Sehr geehrte Damen und Herren,
meine Name ist Andreas Sprecher und ich bin Videoproduzent. Mit über 3.500 Videos, welche im Internet monetarisiert werden, ist mir Urheberrecht im Internet sehr wichtig. Daneben bin ich aber auch Familienvater, Nutzer und EU-Bürger.
Daher möchte ich Sie um Ihre Meinung zu der geplanten Neuordnung des Urheberrechts in der EU befragen. Vornehmlich geht es mir um den geplanten Artikel 11 und den geplanten Artikel 13.
Artikel 13 lässt sich mit dem Begriff "Upload-Filter" zusammen fassen. Als technisch versiertem Nutzer ist mir klar, dass ein effektiver Upload-Filter - wie im Richtlinien-Entwurf vorgesehen - nicht möglich ist. Unternehmen im Internet ist es nicht möglich Urheberrechtsverletzungen schon vor der "Verletzung", also kurz nach dem Upload, zu erkennen. Wäre das möglich, hätte der Gesetzgeber dies schon 1995 einführen können. Die beste technische Lösung wären Hash-Listen, aber auch die sind nicht so effektiv, wie vom Gesetzgeber gewünscht.
Wenn aber irgendwelche Unternehmen die Man-Power und die finanzielle Power haben um so etwas zu stämmen, dann sind das sicher YouTube/Google und Facebook. Im Umkehrschluss ergibt sich daraus aber auch, das alle anderen (auch europäischen) Unternehmen, dies nicht können. Ist es demnach also Ihr Ziel alle potentiellen Konkurrenten von YouTube/Google und Facebook in Europa zu zerstören und damit das de facto Monopol von YouTube/Google und Facebook auf ewig zu zementieren? Dürfen demnächst nur noch die Unternehmen im EU-Internet auftreten, die 15 Mrd. EUR Reingewinn pro Jahr erwirtschaften? Weil für andere Unternehmen ist der Aufwand nicht zu bewältigen.
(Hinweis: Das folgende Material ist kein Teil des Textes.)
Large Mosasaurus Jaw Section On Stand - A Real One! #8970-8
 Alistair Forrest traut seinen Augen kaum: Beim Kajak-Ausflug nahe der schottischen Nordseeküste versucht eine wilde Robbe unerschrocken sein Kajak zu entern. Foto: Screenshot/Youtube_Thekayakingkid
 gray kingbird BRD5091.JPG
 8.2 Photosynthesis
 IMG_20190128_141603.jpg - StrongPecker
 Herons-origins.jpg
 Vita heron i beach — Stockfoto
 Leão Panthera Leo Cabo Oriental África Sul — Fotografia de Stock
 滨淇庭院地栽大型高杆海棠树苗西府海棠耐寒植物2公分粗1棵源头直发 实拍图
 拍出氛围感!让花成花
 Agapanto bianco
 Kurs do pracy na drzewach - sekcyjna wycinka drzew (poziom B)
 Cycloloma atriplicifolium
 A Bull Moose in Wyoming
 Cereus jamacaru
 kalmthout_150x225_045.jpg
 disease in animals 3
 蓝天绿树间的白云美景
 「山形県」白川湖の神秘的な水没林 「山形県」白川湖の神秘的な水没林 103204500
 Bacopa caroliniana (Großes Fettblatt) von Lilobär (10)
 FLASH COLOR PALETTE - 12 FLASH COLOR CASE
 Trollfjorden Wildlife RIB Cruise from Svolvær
Die restriktive Gesetzgebung in Europa und Deutschland, hat in den letzten 25 Jahren dafür gesorgt, dass es ein europäisches Google/YouTube oder Facebook nicht entstehen konnte. Will man nun dafür sorgen, dass hier auch in Zukunft nichts entstehen kann?
Evtl. könnte man dies noch akzeptieren, wenn denn wenigstens auf der anderen Seite das gewünschte Ziel erreicht würde. Aber auch mit dem EU-Upload-Filter wird es nicht eine Urheberrechtsverletzung weniger geben. Die Plattformen die sich bisher um Urheberrechtsverstöße nicht gekümmert haben, werden es auch künftig außerhalb der EU nicht tun. Es ist ja nicht so, als wenn EU-Bürger künftig nicht mehr auf außereuropäische Angebote zugreifen könnten.
Dann gibt es noch die Plattformen im Internet, die selbst wenn sie Geld und Man-Power hätten, Uploads nicht verhindern können. Da wären Dienste zu nennen, die auf die Blockchain und/oder die sog. IPFS-Technik setzen.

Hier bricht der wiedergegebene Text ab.